For the Beneficiary to have the right to receive the percentage of Shares
Allotted to which he or she would be entitled at the end of each Cycle the
Beneficiary must until the End Date of that Cycle have worked on an
interrupted basis for Telefonica as employee, or have entered into a
non-competition undertaking with a duration equal to or longer than the
relevant Cycle, in the event of early retirement or discontinuation under
redundancy proceedings, where those proceedings are applicable under the
prevailing laws and regulations.
Date of transfer of the Shares: At the end of each Cycle of the Plan the Shares
will be transferred within 90 days following the Vesting Date. Transfer will be
carried out by an accounting transfer of the Shares to the Beneficiary in the
relevant register of book-entries.
Origin of the Shares: The Shares in Telefonica, S.A. to be awarded to the
participants may be (a) Telefonica, S.A. shares held in treasury that are
acquired or have been acquired by Telefonica, S.A. itself as well as by any
companies in its group, subject to compliance with the legal requirements for
such purpose; or (b) newly-issued shares resulting from capital increases
carried out from time to time for that purpose.

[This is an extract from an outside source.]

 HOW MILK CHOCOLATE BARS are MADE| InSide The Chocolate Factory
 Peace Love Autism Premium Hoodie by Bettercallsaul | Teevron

Tax and employment issues: The tax treatment of the award of Shares will depend
exclusively on the tax regime applicable to the Beneficiary in question from
time to time, and Telefonica shall have no obligation or liability in this
respect beyond those which it incurs by law. In this regard, the Beneficiaries
acknowledge and accept that Telefonica will have full freedom to decide at all
times the arrangements for such interim tax payments as may be required by law
and for all other the tax obligations arising as a result of the award of Shares
envisaged in the Plan, including, without limitation, the possibility of sale by
Telefonica of the requisite Shares on behalf of the Beneficiary, debiting the
cost of the interim tax payment from the Beneficiary's salary, etc...
Awards of Shares under the Plan are extraordinary benefits, do not form part
of the contractual terms of their relationship nor salary and do not give
rise to acquired or vested rights on the part of the Beneficiaries.